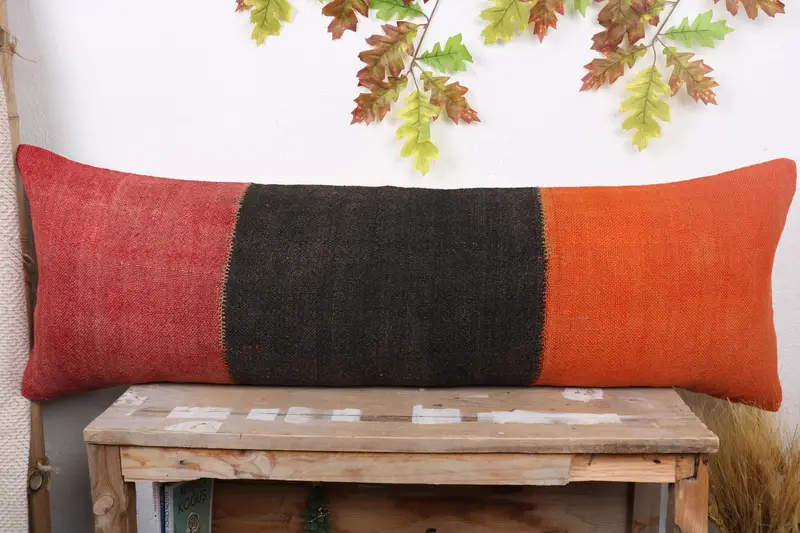 One Of A Kind Pillow, Vintage Kilim Pillow, Vintage Pillow, Handmade Rug Seat Cushion, Cushion, Boho Pillow Sham Cover, 16x48 Red Pillow Case - 2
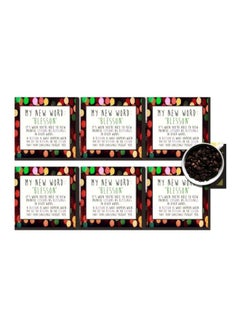 Buy 6-Piece Printed Coaster Set Multicolour 7x7cm in Egypt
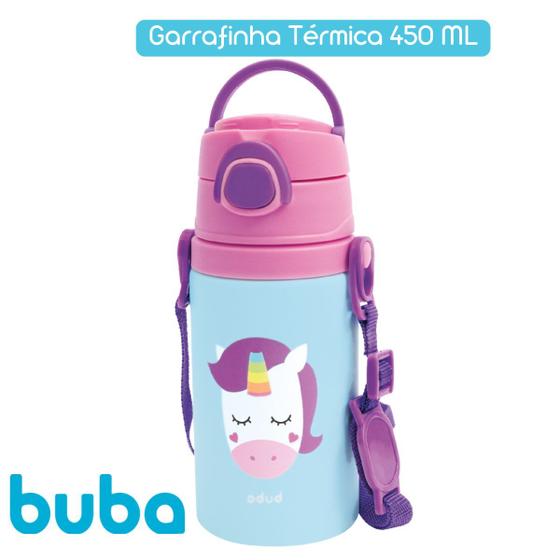 Imagem de Garrafinha de Alumínio Bebê Infantil 450 ml com Alça Canudo de Silicone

- _REQUIREMENT_
Could you give the material again exactly as it stands, omitting any image?

- _SOLUTION FOR THIS EXERCISE_
 One Of A Kind Pillow, Vintage Kilim Pillow, Vintage Pillow, Handmade Rug Seat Cushion, Cushion, Boho Pillow Sham Cover, 16x48 Red Pillow Case - 2
 Buy 6-Piece Printed Coaster Set Multicolour 7x7cm in Egypt
 Imagem de Garrafinha de Alumínio Bebê Infantil 450 ml com Alça Canudo de Silicone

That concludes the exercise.